WHAT YOU WILL DO
When you transcribe the lines below, keep every word the same and leave the pictures behind.

DATA SECTION
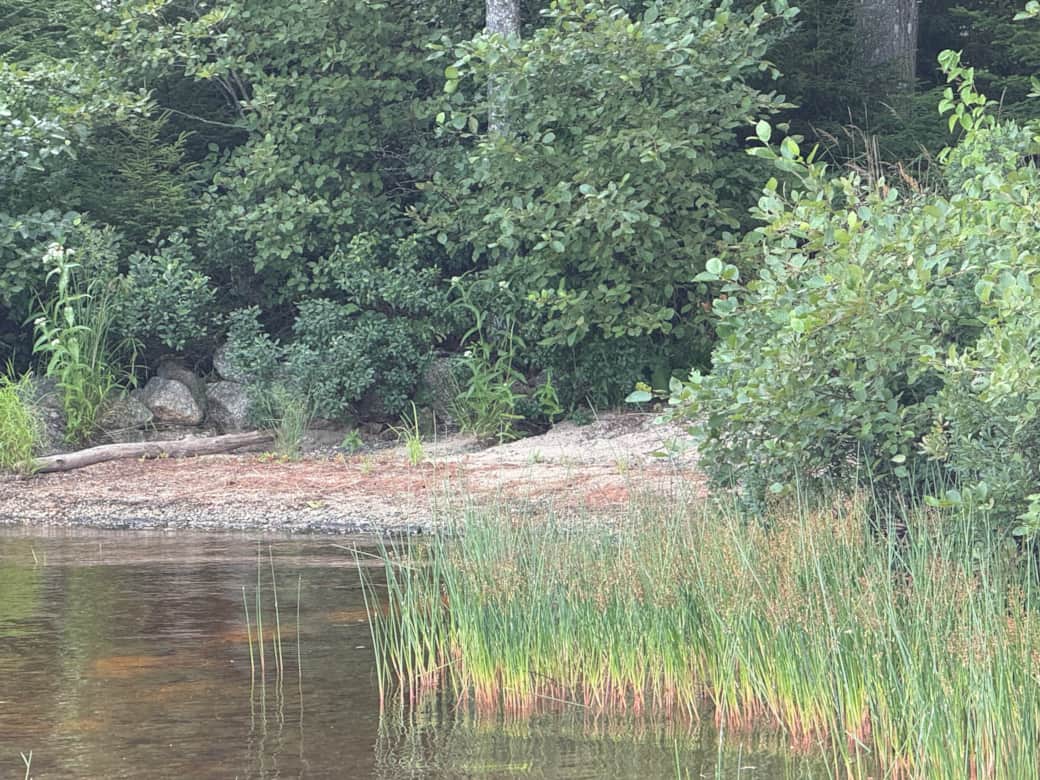 The shallow beach viewed from the dock. The shallow beach viewed from the dock.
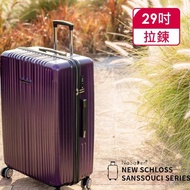 【NaSaDen 納莎登】新無憂系列TSA海關鎖29吋霧面防刮行李箱(普倫紫)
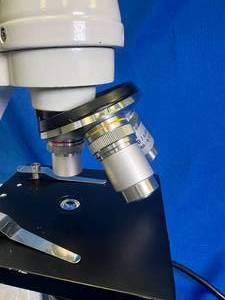 lot 80 image: Wolfe Microscope Carolina Biological Supply Company 4x 10x 40x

OUTPUT OF THE TASK
 The shallow beach viewed from the dock. The shallow beach viewed from the dock.
 【NaSaDen 納莎登】新無憂系列TSA海關鎖29吋霧面防刮行李箱(普倫紫)
 lot 80 image: Wolfe Microscope Carolina Biological Supply Company 4x 10x 40x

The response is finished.